##### Exercise data

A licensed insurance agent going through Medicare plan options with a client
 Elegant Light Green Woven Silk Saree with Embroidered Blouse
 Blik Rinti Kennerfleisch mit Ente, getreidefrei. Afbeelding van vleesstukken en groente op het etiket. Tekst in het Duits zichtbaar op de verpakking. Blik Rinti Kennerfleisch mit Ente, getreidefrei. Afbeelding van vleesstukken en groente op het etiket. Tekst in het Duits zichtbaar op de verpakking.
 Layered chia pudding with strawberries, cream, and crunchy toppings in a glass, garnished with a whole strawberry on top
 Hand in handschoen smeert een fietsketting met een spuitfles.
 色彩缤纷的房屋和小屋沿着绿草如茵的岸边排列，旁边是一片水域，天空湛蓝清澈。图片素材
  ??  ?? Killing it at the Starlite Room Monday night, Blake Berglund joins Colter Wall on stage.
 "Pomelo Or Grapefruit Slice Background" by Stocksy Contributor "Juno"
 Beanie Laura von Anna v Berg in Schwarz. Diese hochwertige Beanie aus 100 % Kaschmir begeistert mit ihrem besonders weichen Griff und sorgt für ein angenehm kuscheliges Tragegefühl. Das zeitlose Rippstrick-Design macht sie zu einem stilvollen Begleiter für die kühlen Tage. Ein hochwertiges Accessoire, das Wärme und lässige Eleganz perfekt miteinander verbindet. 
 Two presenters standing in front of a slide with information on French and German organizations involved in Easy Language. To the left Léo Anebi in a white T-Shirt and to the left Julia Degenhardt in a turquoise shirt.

##########

> [What you will do] Please give back exactly the lines of this listing beginning at the line with "Elegant Light Green" and ending with the line with "de verpakking. Blik", both included, and nothing else.

> [Result]
 Elegant Light Green Woven Silk Saree with Embroidered Blouse
 Blik Rinti Kennerfleisch mit Ente, getreidefrei. Afbeelding van vleesstukken en groente op het etiket. Tekst in het Duits zichtbaar op de verpakking. Blik Rinti Kennerfleisch mit Ente, getreidefrei. Afbeelding van vleesstukken en groente op het etiket. Tekst in het Duits zichtbaar op de verpakking.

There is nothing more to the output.